Okongwu has been catching assists from high-level passers for quite some time now. He began his prep career at Chino Hills High School before his 15th birthday playing with Lonzo and LaMelo Ball. Together, they strung together a 35-0 season, a state title, and a consensus No. 1 national ranking.

"It has been like that my whole life, really," Okongwu said. "In high school I was playing with Lonzo and Melo, and when I was in AAU, I was playing with the Mobley brothers, Evan Mobley and Isaiah Mobley. I've been playing with high-level talent for my whole life. So with that experience, I just know how to play with really good basketball players. I know how to make them better and they know how to make me better, and that's how we mesh on the court. That's why in AAU with the Mobleys, we were so successful. That's why in high school with Melo, we were so successful. We know how to play competitively and we know how to play the right way."

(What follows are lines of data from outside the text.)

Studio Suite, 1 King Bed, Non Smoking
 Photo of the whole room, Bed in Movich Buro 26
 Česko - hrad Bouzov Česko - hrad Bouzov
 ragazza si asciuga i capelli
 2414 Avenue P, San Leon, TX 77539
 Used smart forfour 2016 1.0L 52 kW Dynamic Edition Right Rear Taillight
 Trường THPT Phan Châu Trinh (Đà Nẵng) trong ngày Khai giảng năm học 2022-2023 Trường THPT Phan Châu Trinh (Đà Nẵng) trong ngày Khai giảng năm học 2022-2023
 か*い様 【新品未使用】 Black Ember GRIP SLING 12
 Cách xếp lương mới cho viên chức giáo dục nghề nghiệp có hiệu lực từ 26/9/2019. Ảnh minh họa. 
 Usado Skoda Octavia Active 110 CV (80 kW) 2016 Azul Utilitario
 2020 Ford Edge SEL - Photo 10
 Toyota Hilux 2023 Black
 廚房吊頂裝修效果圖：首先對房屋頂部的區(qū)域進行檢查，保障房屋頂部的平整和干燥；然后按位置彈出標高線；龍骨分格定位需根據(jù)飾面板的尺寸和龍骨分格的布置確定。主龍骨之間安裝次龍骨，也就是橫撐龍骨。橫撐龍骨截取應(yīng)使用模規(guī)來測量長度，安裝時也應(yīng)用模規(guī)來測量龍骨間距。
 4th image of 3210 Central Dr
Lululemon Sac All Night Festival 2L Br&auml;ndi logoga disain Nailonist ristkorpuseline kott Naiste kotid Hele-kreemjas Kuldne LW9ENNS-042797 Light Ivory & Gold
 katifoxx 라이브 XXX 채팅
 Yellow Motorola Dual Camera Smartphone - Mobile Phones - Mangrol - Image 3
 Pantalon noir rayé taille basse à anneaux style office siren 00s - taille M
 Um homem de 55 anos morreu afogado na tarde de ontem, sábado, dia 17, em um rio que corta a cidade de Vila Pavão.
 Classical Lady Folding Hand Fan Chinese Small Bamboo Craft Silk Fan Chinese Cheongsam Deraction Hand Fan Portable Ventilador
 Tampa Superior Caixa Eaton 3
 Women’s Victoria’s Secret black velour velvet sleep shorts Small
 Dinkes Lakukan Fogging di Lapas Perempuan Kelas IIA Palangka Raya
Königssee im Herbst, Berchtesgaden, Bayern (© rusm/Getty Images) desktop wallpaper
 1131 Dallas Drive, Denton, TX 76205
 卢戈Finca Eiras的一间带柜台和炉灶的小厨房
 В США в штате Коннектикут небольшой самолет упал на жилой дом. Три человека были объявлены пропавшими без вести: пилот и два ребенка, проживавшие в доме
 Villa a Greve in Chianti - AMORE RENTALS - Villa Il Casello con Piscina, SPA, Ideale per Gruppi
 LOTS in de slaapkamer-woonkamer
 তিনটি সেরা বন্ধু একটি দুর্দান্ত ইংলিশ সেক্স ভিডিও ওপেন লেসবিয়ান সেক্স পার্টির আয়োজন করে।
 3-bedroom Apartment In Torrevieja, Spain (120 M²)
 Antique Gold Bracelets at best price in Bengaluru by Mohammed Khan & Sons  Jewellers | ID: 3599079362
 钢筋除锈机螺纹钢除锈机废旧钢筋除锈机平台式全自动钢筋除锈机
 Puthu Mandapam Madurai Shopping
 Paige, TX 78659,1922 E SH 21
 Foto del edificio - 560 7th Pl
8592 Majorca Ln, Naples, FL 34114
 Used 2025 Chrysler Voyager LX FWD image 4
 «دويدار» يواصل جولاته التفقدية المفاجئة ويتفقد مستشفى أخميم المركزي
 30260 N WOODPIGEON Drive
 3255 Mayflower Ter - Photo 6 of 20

For Okongwu, playing the right way means that he gives out passes as good as the ones that he receives. He can make an outlet pass with enough haste to maintain a competitive numbers advantage. He also has supersophistication in short-roll situations after he sets a pick for his point guard, rolls and catches a pass on the move. These are uncommon skills for an NBA big man. Additionally, McMillan said that there is great potential to ramp up his usage in future seasons as a passer from the elbow in dribble-handoff situations. 

Meanwhile, it is going to be a big week for Okongwu with the Play-In Tournament and two potential matches against old friends. It will start against Charlotte and LaMelo Ball Wednesday, and if the Hawks advance, Okongwu could be playing against Evan Mobley and the Cavaliers on Friday. 

Without a doubt, Okongwu will demonstrate in those games the lifelong basketball acumen he has developed through playing with both as teammates.